Now Senator Obama has been forced to acknowledge that “our troops have performed brilliantly in lowering the level of violence.” But he still denies that any political progress has resulted.

Perhaps he is unaware that the U.S. Embassy in Baghdad has recently certified that, as one news article put it, “Iraq has met all but three of 18 original benchmarks set by Congress last year to measure security, political and economic progress.” Even more heartening has been progress that’s not measured by the benchmarks. More than 90,000 Iraqis, many of them Sunnis who once fought against the government, have signed up as Sons of Iraq to fight against the terrorists. Nor do they measure Prime Minister Nouri al Maliki’s new-found willingness to crack down on Shiite extremists in Basra and Sadr City — actions that have done much to dispel suspicions of sectarianism.

The success of the surge has not changed Senator Obama’s determination to pull out all of our combat troops. All that has changed is his rationale. In a New York Times op-ed and a speech this week, he offered his “plan for Iraq” in advance of his first “fact finding” trip to that country in more than three years. It consisted of the same old proposal to pull all of our troops out within 16 months. In 2007 he wanted to withdraw because he thought the war was lost. If we had taken his advice, it would have been. Now he wants to withdraw because he thinks Iraqis no longer need our assistance.

To make this point, he mangles the evidence. He makes it sound as if Prime Minister Maliki has endorsed the Obama timetable, when all he has said is that he would like a plan for the eventual withdrawal of U.S. troops at some unspecified point in the future.

Senator Obama is also misleading on the Iraqi military’s readiness. The Iraqi Army will be equipped and trained by the middle of next year, but this does not, as Senator Obama suggests, mean that they will then be ready to secure their country without a good deal of help. The Iraqi Air Force, for one, still lags behind, and no modern army can operate without air cover. The Iraqis are also still learning how to conduct planning, logistics, command and control, communications, and other complicated functions needed to support frontline troops.

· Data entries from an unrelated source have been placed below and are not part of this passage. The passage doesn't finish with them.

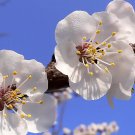 Apricot, Prunus armeniaca, Tree 3 Seeds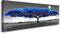 Visario 120 x 40 cm Bild auf Leinwand Blue Tree Blauer Baum 5740-SCT deutsche Marke und Lager - Das Bild Wandbild BZW. Kunstdruck ist fertig gerahmt.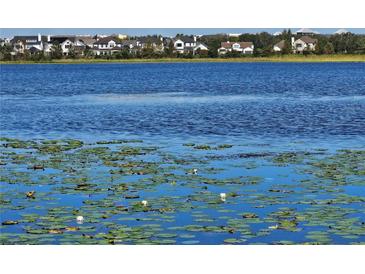 Peaceful lake view with lily pads and houses in the background at 4715 Beach Blvd, Orlando, FL 32803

No one favors a permanent U.S. presence, as Senator Obama charges. A partial withdrawal has already occurred with the departure of five “surge” brigades, and more withdrawals can take place as the security situation improves. As we draw down in Iraq, we can beef up our presence on other battlefields, such as Afghanistan, without fear of leaving a failed state behind. I have said that I expect to welcome home most of our troops from Iraq by the end of my first term in office, in 2013.

But I have also said that any draw-downs must be based on a realistic assessment of conditions on the ground, not on an artificial timetable crafted for domestic political reasons. This is the crux of my disagreement with Senator Obama.

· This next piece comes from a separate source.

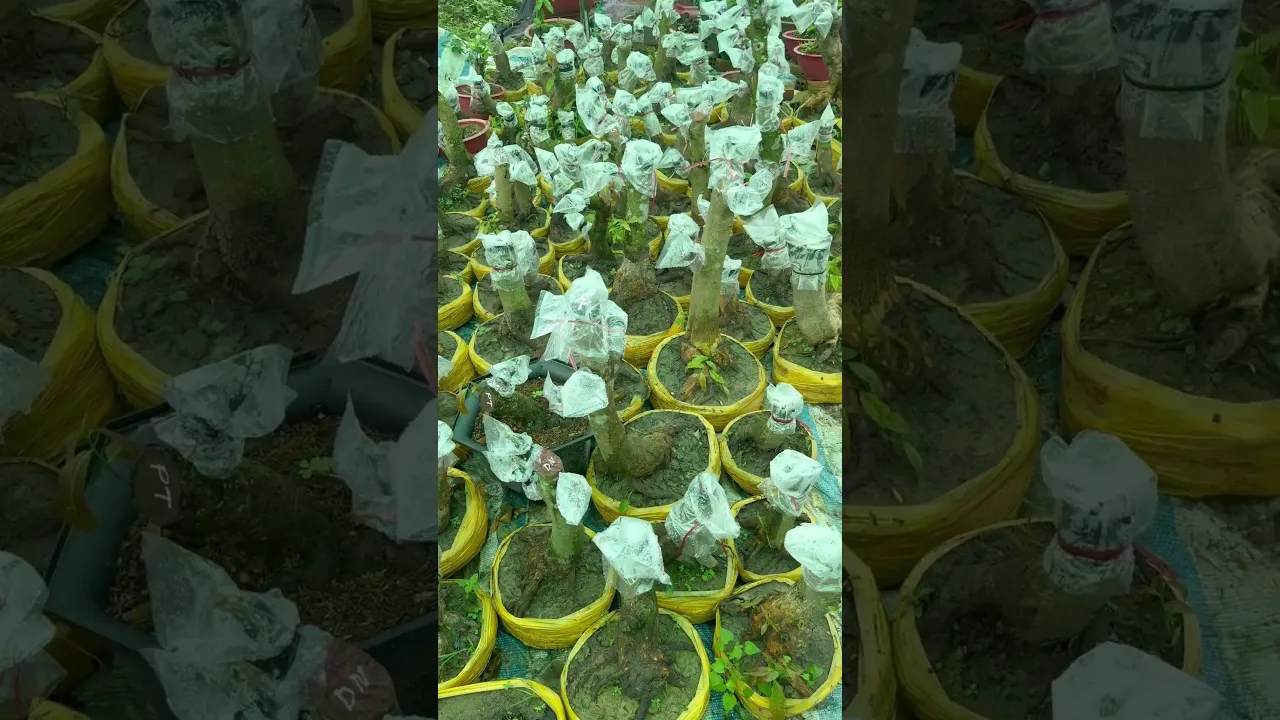 Mai vàng Miền Nam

Senator Obama has said that he would consult our commanders on the ground and Iraqi leaders, but he did no such thing before releasing his “plan for Iraq.” Perhaps that’s because he doesn’t want to hear what they have to say. During the course of eight visits to Iraq, I have heard many times from our troops what Major General Jeffrey Hammond, commander of coalition forces in Baghdad, recently said: that leaving based on a timetable would be “very dangerous.”

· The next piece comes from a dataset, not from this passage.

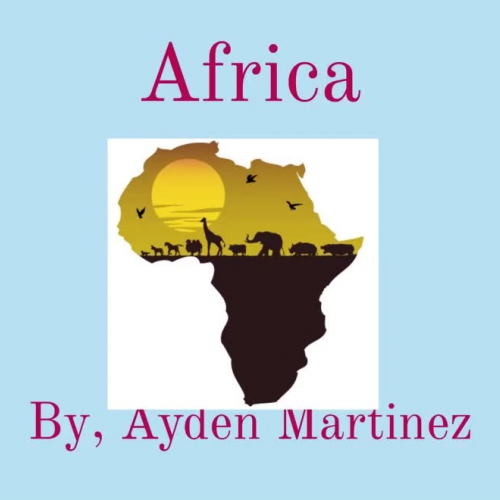 Ayden's Africa Investigation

The danger is that extremists supported by Al Qaeda and Iran could stage a comeback, as they have in the past when we’ve had too few troops in Iraq. Senator Obama seems to have learned nothing from recent history. I find it ironic that he is emulating the worst mistake of the Bush administration by waving the “Mission Accomplished” banner prematurely.

I am also dismayed that he never talks about winning the war — only of ending it. But if we don’t win the war, our enemies will. A triumph for the terrorists would be a disaster for us. That is something I will not allow to happen as president. Instead I will continue implementing a proven counterinsurgency strategy not only in Iraq but also in Afghanistan with the goal of creating stable, secure, self-sustaining democratic allies.